John Sandford is getting there, but unlike Ed McBain, he doesn’t have 50 years of good will built up.
The there is pissing me off with the ragging on Republicans and conservatives. It took him only until page 12 to identify that the hardened criminal in charge of the enterprise was a self-identified conservative; if this book were published in 2010 instead of 2009, he’d probably identify with the Teabaggers. Twelve pages later, George W. Bush is mentioned by name in a less than flattering light. On page 35, someone is told he looks like a Republican as an insult. Seriously, Sandford, knock it off.
The stories in the book (and now that he’s a serious hardback author, they must weigh in at 400 pages. Remember when only Stephen King did that?) revolve around a group of crackerjack criminals in town to rob people and hotels at the Republican National Convention and about a criminal getting out of prison, paraplegic, and blaming Davenport, so of course he’s going to get revenge. The two stores touch at points, made to do so to validate the decision to pad out the book with the second, but really, it’s two shorter novels in one. Cut aways to the other story pass for building suspense, I guess.
Finally, one comes to a head and then Davenport solves the other with a little help from a dream or a hint from the semiconscious mind. Sandford must have realized he’d achieved the proper weight to cost $30 in hardback. Then it ends with some dangling ends that Sandford can bring back another time, a la the hitwoman Rinker.
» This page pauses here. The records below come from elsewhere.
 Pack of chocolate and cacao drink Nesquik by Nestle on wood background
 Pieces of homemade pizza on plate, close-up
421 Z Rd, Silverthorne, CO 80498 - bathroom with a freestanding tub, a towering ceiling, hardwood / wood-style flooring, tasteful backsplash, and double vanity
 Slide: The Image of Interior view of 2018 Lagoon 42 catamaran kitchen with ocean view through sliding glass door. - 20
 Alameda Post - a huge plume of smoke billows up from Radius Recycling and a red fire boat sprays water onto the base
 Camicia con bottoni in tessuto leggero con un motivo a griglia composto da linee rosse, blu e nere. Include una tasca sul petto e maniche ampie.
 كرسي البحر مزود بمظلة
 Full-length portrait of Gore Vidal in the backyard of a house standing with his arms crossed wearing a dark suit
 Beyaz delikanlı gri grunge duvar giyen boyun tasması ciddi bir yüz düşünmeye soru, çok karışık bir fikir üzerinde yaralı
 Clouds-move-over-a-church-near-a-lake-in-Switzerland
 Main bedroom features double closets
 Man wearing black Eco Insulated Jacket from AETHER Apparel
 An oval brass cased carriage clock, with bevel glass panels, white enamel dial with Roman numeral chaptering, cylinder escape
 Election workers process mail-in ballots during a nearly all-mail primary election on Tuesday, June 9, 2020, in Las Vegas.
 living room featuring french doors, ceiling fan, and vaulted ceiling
I’m being a little harsher on the book than it deserves, perhaps, but Sandford did his best to put me in an ill and opposing mood at the beginning of the book. By about page 50, the book drops off with the political “Rightwing nuts!” stuff and gets down to the plot. Which makes me wonder why he bothered to put it in at all and risk alienating 47% or more of the population. To establish his Minnesota Democrat bona fides? Brother, Al Franken is your senator. It’s worse than when my state elected a dead man, for crying out loud.
He’s really down to my last nerve on the political stuff and the gratuitous swearing. All the characters drop f-bombs in random spots and use it as people’s middle name throughout this book and the series. Come on, I gave up the mad swearing when I had kids, and I didn’t do it professionally for any part of my life. Grow up, Sandford. Grow up.